◆ Work task
Every line of the material must be given again verbatim. Skip the images.
[Opening Data excerpts section]
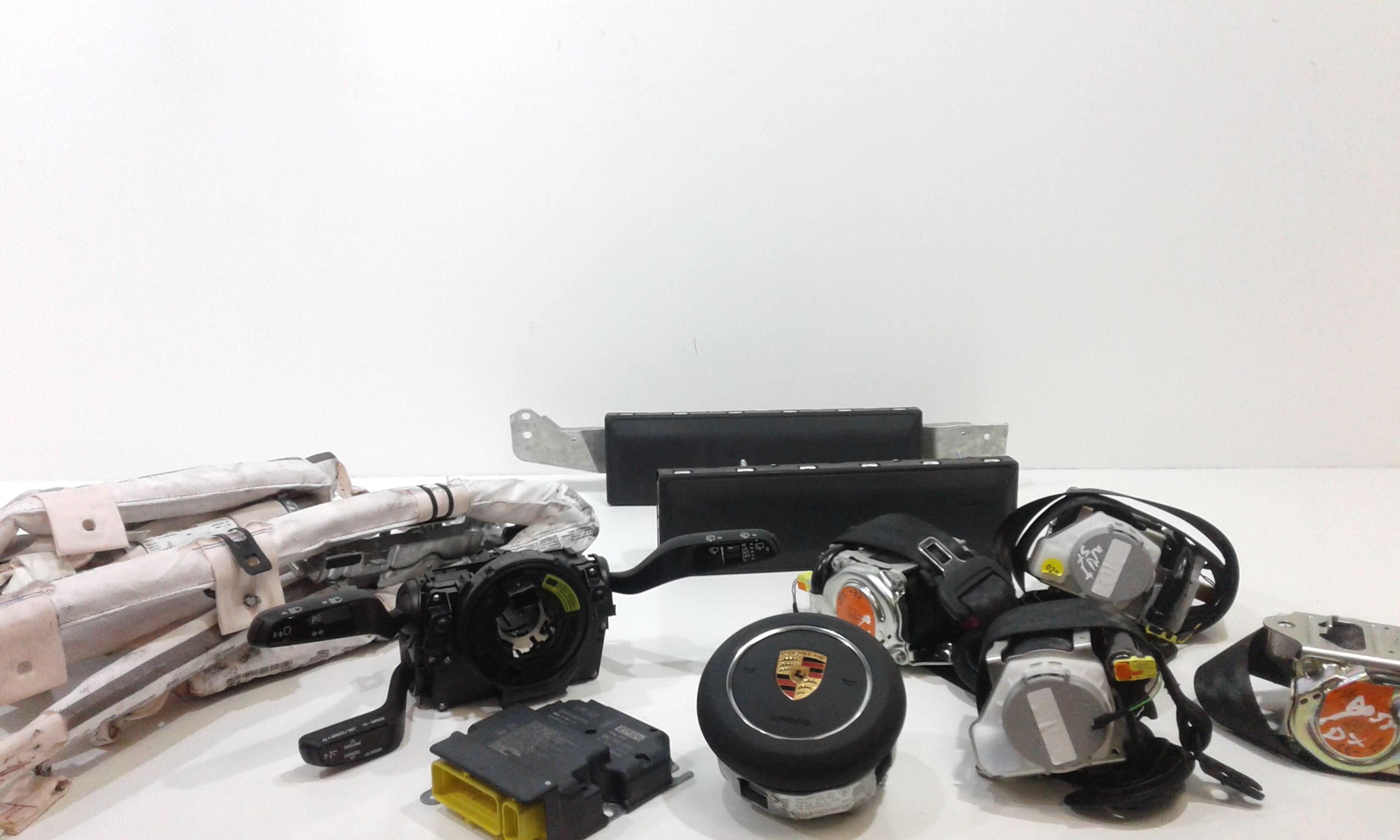 Kit Airbag Completo PORSCHE Cayenne S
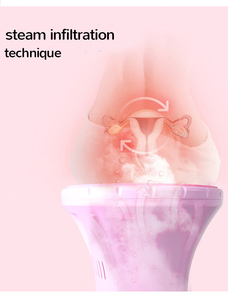 Tragbarer Vaginal-Spa-Stuhl mit Kräutern für Yoni-Dampfbehandlung und Vaginalpflege - Product Image 5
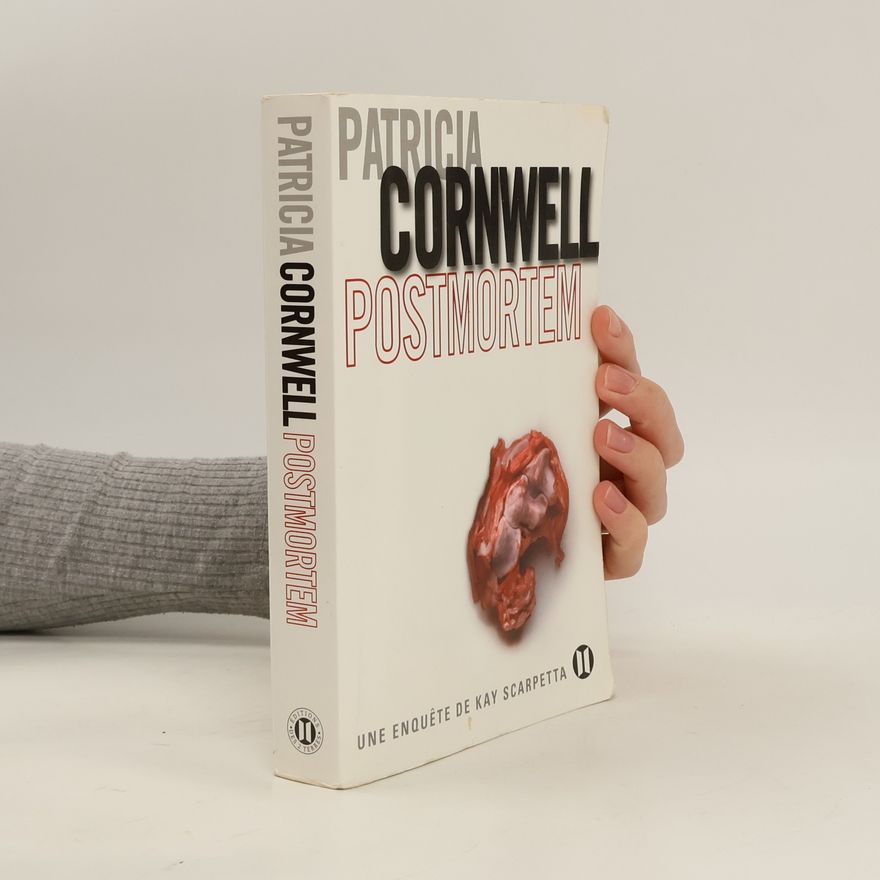 Patricia Cornwell Postmortem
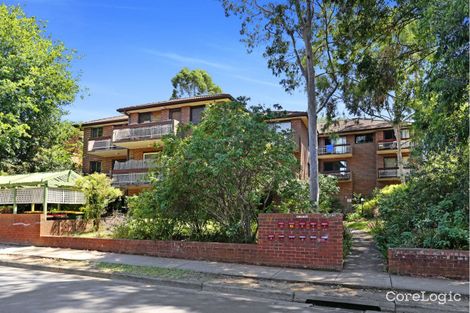 Property photo of 6/33 Park Avenue Westmead NSW 2145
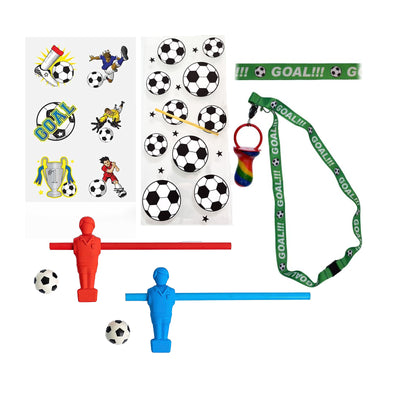 Football Birthday Party Gift Set For Boys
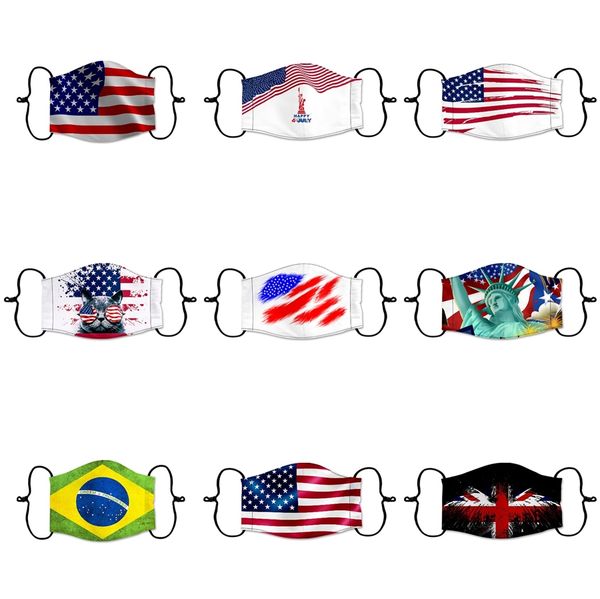 50 1pcs wholesale mask cotton comfortable face masks 3-layer fashion designer mask dustproof earloop masks #435
50 1pcs wholesale mask cotton comfortable face masks 3-layer fashion designer mask dustproof earloop masks #435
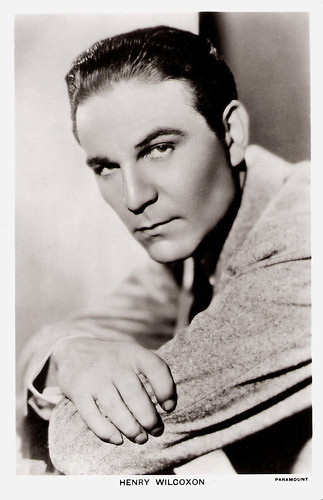 Henry Wilcoxon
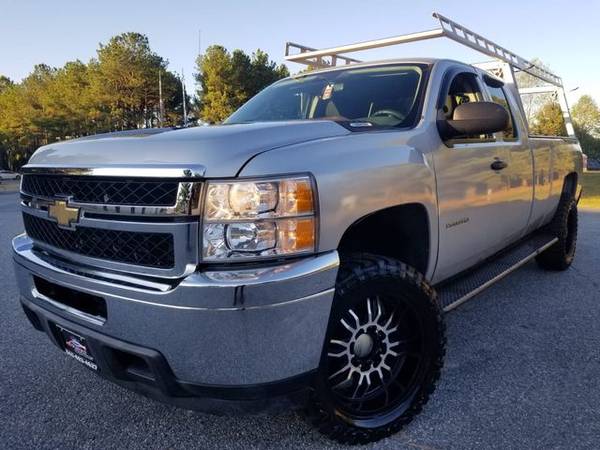 Chevrolet Silverado 2500 HD Extended Cab - Financing Available, Se Hab for sale in Fredericksburg, VA – photo 7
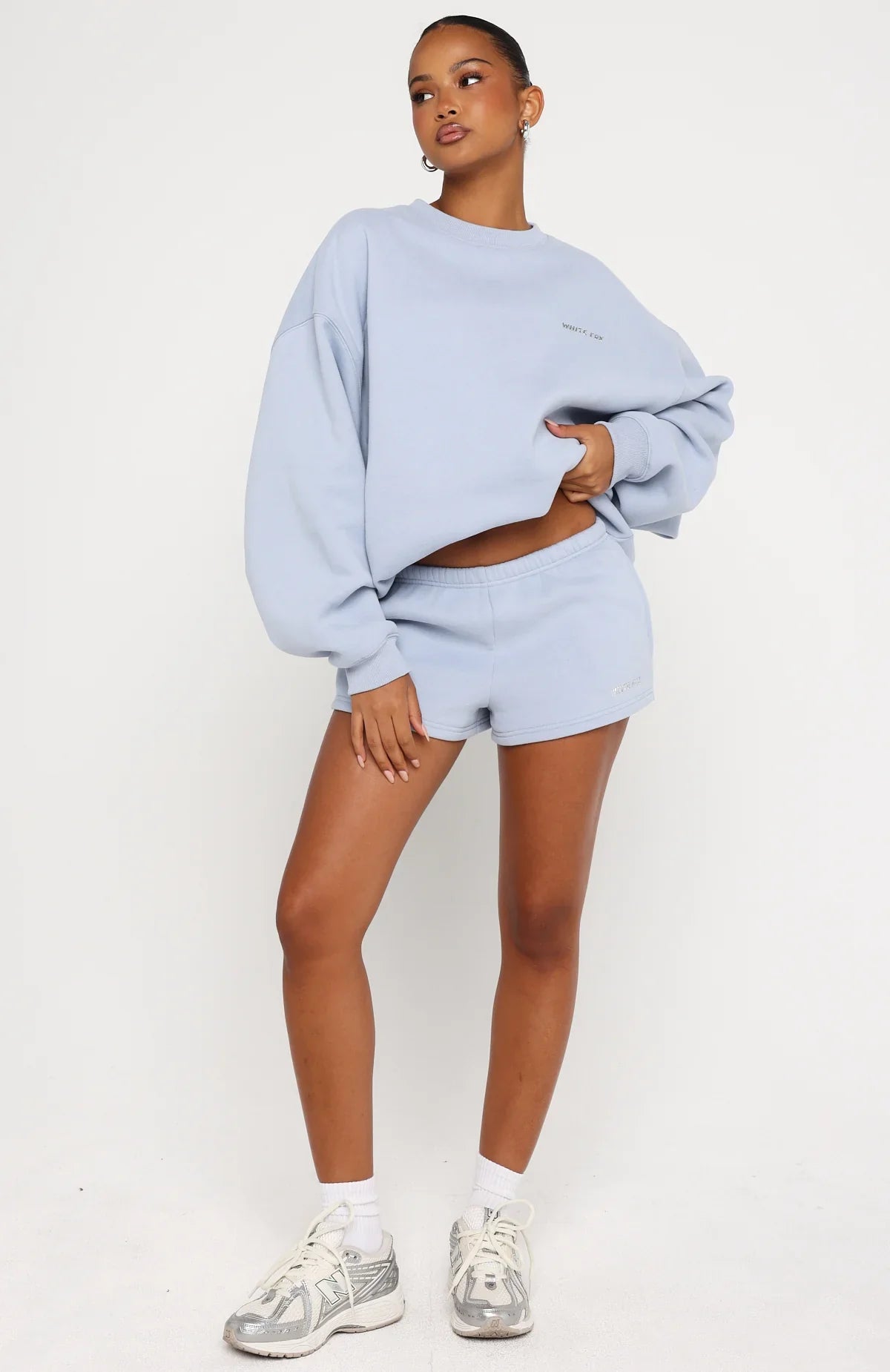 Test Drive Lounge Shorts Blue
[Closing Data excerpts section]
◆ Exercise response
 Kit Airbag Completo PORSCHE Cayenne S
 Tragbarer Vaginal-Spa-Stuhl mit Kräutern für Yoni-Dampfbehandlung und Vaginalpflege - Product Image 5
 Patricia Cornwell Postmortem
 Property photo of 6/33 Park Avenue Westmead NSW 2145
 Football Birthday Party Gift Set For Boys
 50 1pcs wholesale mask cotton comfortable face masks 3-layer fashion designer mask dustproof earloop masks #435
50 1pcs wholesale mask cotton comfortable face masks 3-layer fashion designer mask dustproof earloop masks #435
 Henry Wilcoxon
 Chevrolet Silverado 2500 HD Extended Cab - Financing Available, Se Hab for sale in Fredericksburg, VA – photo 7
 Test Drive Lounge Shorts Blue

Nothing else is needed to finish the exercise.